I remember once, many years ago, my Man and I decided to visit a "Mom and Pop" restaurant for breakfast. We had heard it was really good and were excited to finally find out for ourselves.  When we walked in, we knew the rumors about it must be true because even at that early hour it was already filled with people. We saw an available booth in the opposite corner and began weaving our way through the crowded tables to stake our claim.  We sat down but slowly grew frustrated when no one came to take our order. Finally, we were able to get the attention of a server but she seemed confused by our attempts to order food.  We started to think we were in the twilight zone. After several minutes of sitting there commenting to each other about the lack of service, a man stood up and in a loud voice, called the room to attention: "The meeting will now come to order."
A few moments into his welcome, we deduced that this was a political party gathering.  The speaker said he noticed there were some newcomers (that would be us) and he asked us to stand up and introduce ourselves to the group. My Man, ever unshakeable, rose to his feet and said, "Good morning, my name is A and this is my wife.  We're very supportive of this political party...but actually we just came here for breakfast."
By the time my Man was donating money in the hat they passed around and commenting on the subjects they discussed, I was laughing so hard I couldn't even speak.
We never got breakfast.

Last night was a little bit like that.  Really, I blame the language barrier.  A local friend invited us to a soiree she was helping put on.  I didn't know what that was, but it sounded fancy.  So, we got all dolled up, got a sitter and went out.  It was at the fanciest hotel in Conakry (a little perspective--they still don't have toilet seats.)
On the way there we inspected our tickets (all in French) for a clue of what exactly the event was that we were attending.  No clue.  We shrugged it off as probably just another party.
We were one of the first to arrive. Our friend was there to greet us as we entered.
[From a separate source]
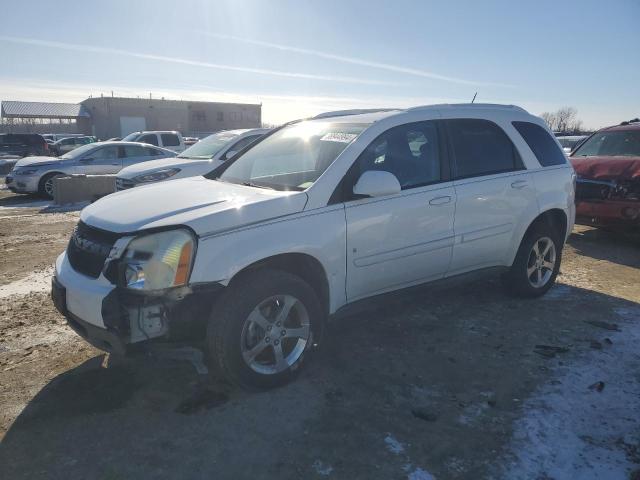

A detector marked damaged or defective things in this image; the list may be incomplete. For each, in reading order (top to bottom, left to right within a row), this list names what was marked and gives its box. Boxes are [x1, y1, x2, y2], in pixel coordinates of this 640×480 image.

red damaged vehicle [568, 121, 640, 232]
broken headlight [120, 230, 195, 292]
She directed us over to the area for cocktail hour before dinner.  My Man and I got our drink and positioned ourselves where I could sip my fruit soda and we could try to figure out some clues from the other guests who were streaming in.  No one spoke to us, they all seemed to know each other.  When a photographer came by and snapped our photo, we joked that we hoped this wasn't some type of radical meeting to overthrow the government or anything, now that there is evidence of our attendance.
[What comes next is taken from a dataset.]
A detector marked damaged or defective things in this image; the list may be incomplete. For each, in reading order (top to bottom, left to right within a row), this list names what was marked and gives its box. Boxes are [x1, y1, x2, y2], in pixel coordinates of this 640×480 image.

Finally, a short man approached us and said "Esku vous Francais?"  (Are we French?)  The dumb looks on our face answered that before our mouths could.
 "You're American," he said.
Then he continued with, "What are you doing here? This is a meeting of the French Ex-Pat Association."
I responded, "We're here to foster good relations between the French and American communities in Guinea"
That bought us some street credit for the moment, but we quickly learned we needed some tie to France. Imagine how excited we were when we realized all we had to say was that we had parents in Paris. (Texas....but we could leave that part off)
 Three more Frenchmen walked up while were talking and  like a script, each of them said the same thing: "You're not French. What are you doing here?"
You know, in America that would actually be considered rude but we understood they were being...well, French.
Eventually, we won them over, and by the time we were directed into the "ball room"  for dinner they had saved us a the front.   We enjoyed a delicious meal, flown in from France, survived the storm of second-hand-smoke, danced like Frenchmen, and then slipped out before our babysitter abandoned our kids at home.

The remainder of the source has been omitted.